Kleine Ursache, große Wirkung – neue Methode erhöht Lernbereitschaft von Studierenden

Lernen kann man lernen – allerdings fällt es manchmal schwer, den „inneren Schweinehund“ zu überwinden. Studien zeigen, dass es Studierenden gerade beim Online-Lernen schwer fällt, sich zu motivieren. Forscher der Johannes Kepler Universität und der WU Wien haben nun erforscht, mit welchem psychologischen Kniff die Motivation deutlich erhöht werden kann.

Univ.-Prof. Wolfgang Güttel honorarfrei, Credit: JKU
Univ.-Prof. Wolfgang Güttel honorarfrei, Credit: JKU

„Online-Learning wird immer wichtiger. Der fehlende persönliche Kontakt macht es Studierenden aber schwer, sich aufzuraffen“, so Univ.-Prof. Wolfgang Güttel vom Institut Human Resource and Change Management der JKU. Die Folge sind hohe Abbruchquoten. Gemeinsam mit Forschern der WU Wien hat Univ.-Prof. Güttel deshalb ein Experiment durchgeführt. Dabei wurde eine Hausübung mit Bonuspunkten belohnt – allerdings in so geringem Ausmaß, dass die Studierenden den Aufwand der Hausübung nicht mit der „Belohnung“ rechtfertigen konnten. Die Lernenden mussten deshalb eine andere Begründung finden, um vor sich selbst zu rechtfertigen, dass sie sich den Aufwand „antaten“. Das Ergebnis: Durch die Suche nach anderen Rechtfertigungen entdeckten sie das Interesse am Lernstoff, lernten mehr und erzielten bessere Lernergebnisse.

„Der Clou daran ist, dass durch einen sehr kleinen Anreiz Motivation angesprochen wird, die nicht durch den Anreiz selbst zu legitimieren ist, da dieser zu gering ist. Wir müssen uns deshalb andere Begründungen ,ausdenken‘, warum wir das machen. Über die erste kleine Verhaltensänderung kommt dann aber eine Verhaltens-Spirale in Gang, die wir nur schwer wieder rückgängig machen können, selbst wenn wir wollten“, so Güttel. Anders gesagt: Wir reden uns ein, Interesse am Stoff zu haben – und entwickeln dadurch echtes Interesse. „Man könnte sagen: Der Appetit kommt beim Essen – auch wenn es ums Lernen geht“, schmunzelt Güttel.

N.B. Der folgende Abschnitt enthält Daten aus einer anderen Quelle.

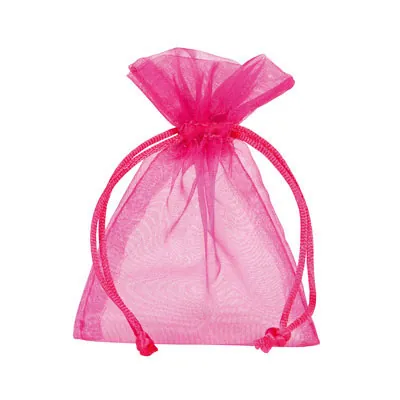 Pochette organza rose 7,5 x 10 cm - Paquet de 10 - Pochettes organza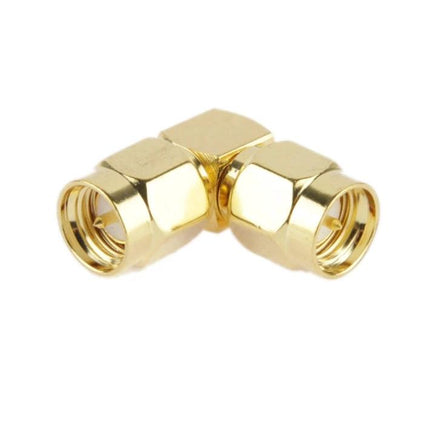 90 Degree Gold Plated SMA Male to Male Adapter for Connectivity - right-angle gold-plated SMA male to male RF connector for tight spaces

Die Idee entwickelte der JKU-Forscher gemeinsam mit Gerhard Furtmüller und Christian Garaus (beide WU Wien). Der Beitrag wurde bereits in den renommierten Zeitschriften „Harvard Business Review“ und „Academy of Management Learning & Education“ veröffentlicht und überraschte die Fachwelt: Bisher war man davon ausgegangen, dass Motivation zwar zerstört, aber nicht erzeugt werden kann.

Die neue Studie beweist, dass Motivation durch kleine Anreize zumindest stimuliert werden kann. Im Experiment erzielte die Versuchsgruppe, die einen kleinen Anreiz erhielt, signifikant bessere Ergebnisse. Es wurden auch deutlich mehr Hausübungen abgegeben als in der Kontrollgruppe.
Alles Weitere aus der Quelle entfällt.